__ABOUT THIS EXERCISE__: Can you quote, word for word, every line from the first line of the records below through the line containing "White Tree Gold Ornaments", and nothing else?

LISTED RECORDS below:

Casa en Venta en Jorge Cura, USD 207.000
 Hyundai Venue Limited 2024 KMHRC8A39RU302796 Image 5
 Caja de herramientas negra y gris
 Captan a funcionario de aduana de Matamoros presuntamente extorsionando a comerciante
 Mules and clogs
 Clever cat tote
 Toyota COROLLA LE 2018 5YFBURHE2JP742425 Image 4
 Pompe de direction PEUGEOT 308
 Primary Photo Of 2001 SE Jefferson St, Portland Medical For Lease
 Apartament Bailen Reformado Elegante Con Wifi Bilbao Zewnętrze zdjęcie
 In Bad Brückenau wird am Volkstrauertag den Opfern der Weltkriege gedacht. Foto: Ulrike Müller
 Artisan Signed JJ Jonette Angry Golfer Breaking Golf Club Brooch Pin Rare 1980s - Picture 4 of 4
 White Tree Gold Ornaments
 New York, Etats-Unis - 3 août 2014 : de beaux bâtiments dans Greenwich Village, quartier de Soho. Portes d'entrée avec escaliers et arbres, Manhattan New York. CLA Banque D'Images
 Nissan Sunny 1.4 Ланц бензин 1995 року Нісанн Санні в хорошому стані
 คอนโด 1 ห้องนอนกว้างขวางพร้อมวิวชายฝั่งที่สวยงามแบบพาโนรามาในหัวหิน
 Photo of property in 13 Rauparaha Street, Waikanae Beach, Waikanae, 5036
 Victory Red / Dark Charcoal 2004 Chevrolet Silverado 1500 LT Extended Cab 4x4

End of LISTED RECORDS.

__WRITTEN RESPONSE__:
Casa en Venta en Jorge Cura, USD 207.000
 Hyundai Venue Limited 2024 KMHRC8A39RU302796 Image 5
 Caja de herramientas negra y gris
 Captan a funcionario de aduana de Matamoros presuntamente extorsionando a comerciante
 Mules and clogs
 Clever cat tote
 Toyota COROLLA LE 2018 5YFBURHE2JP742425 Image 4
 Pompe de direction PEUGEOT 308
 Primary Photo Of 2001 SE Jefferson St, Portland Medical For Lease
 Apartament Bailen Reformado Elegante Con Wifi Bilbao Zewnętrze zdjęcie
 In Bad Brückenau wird am Volkstrauertag den Opfern der Weltkriege gedacht. Foto: Ulrike Müller
 Artisan Signed JJ Jonette Angry Golfer Breaking Golf Club Brooch Pin Rare 1980s - Picture 4 of 4
 White Tree Gold Ornaments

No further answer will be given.